◆ **Assigned task**:
After finding the line that contains "2: e905. doi: 10.14800/mr.905", give again that line and each one following it, exactly, until the records end.

= Beginning of Section =

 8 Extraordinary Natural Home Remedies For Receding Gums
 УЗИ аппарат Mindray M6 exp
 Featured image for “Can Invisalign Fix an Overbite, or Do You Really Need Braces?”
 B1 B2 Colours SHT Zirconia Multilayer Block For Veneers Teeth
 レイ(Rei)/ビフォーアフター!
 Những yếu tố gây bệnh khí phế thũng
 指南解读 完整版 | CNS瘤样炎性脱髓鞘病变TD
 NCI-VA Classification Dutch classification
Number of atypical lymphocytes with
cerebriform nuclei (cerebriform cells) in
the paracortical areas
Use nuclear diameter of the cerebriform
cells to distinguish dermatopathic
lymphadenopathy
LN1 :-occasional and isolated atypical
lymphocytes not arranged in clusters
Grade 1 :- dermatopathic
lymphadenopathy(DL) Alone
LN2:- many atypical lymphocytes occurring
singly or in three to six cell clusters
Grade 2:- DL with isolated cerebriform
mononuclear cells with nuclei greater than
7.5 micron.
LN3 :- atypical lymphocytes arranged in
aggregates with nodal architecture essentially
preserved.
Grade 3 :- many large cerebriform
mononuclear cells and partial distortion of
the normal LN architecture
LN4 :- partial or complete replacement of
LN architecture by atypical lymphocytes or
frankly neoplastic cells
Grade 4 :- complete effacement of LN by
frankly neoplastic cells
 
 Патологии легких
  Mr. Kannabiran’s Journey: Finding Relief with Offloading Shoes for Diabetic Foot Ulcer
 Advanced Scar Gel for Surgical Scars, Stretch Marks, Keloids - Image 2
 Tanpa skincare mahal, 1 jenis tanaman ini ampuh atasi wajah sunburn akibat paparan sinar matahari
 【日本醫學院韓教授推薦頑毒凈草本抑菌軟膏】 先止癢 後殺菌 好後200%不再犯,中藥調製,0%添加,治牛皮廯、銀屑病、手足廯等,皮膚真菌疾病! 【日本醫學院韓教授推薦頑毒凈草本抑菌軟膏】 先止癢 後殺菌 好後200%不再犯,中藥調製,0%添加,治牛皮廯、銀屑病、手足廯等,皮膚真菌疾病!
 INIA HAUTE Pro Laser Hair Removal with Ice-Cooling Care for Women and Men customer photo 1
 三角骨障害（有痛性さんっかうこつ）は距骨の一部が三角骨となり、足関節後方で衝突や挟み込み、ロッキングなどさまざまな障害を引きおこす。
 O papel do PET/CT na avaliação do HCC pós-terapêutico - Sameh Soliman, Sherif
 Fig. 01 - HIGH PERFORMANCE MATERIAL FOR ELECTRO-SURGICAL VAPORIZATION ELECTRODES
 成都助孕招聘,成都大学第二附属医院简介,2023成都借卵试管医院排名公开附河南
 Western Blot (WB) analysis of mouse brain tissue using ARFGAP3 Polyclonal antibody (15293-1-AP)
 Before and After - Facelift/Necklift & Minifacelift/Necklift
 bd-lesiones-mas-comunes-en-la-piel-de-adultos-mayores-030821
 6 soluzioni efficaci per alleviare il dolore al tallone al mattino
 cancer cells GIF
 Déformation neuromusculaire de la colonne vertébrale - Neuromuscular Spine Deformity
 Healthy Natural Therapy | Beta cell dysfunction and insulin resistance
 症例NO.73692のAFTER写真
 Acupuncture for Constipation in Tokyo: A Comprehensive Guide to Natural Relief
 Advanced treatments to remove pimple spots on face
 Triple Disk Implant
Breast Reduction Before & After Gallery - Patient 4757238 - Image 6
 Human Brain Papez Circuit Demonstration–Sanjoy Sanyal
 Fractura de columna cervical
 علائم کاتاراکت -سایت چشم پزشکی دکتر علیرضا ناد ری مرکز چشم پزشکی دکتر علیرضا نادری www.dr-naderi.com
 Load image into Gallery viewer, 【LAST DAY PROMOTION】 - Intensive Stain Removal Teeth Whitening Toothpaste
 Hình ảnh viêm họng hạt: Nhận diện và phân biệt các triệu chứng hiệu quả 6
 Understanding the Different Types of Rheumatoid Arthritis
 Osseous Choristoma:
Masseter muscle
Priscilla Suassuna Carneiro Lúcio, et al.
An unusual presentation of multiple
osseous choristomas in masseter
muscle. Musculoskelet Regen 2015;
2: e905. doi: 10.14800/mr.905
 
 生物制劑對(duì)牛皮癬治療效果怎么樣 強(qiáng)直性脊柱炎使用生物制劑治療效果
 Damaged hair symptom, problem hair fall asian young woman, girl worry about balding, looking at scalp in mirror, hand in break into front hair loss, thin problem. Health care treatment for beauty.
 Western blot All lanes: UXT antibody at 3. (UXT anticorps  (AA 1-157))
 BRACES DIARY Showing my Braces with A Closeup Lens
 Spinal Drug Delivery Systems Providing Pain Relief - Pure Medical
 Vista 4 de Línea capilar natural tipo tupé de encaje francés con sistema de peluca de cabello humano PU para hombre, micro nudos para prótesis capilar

= End of Section =

◆ **Solution for this task**:
2: e905. doi: 10.14800/mr.905
 
 生物制劑對(duì)牛皮癬治療效果怎么樣 強(qiáng)直性脊柱炎使用生物制劑治療效果
 Damaged hair symptom, problem hair fall asian young woman, girl worry about balding, looking at scalp in mirror, hand in break into front hair loss, thin problem. Health care treatment for beauty.
 Western blot All lanes: UXT antibody at 3. (UXT anticorps  (AA 1-157))
 BRACES DIARY Showing my Braces with A Closeup Lens
 Spinal Drug Delivery Systems Providing Pain Relief - Pure Medical
 Vista 4 de Línea capilar natural tipo tupé de encaje francés con sistema de peluca de cabello humano PU para hombre, micro nudos para prótesis capilar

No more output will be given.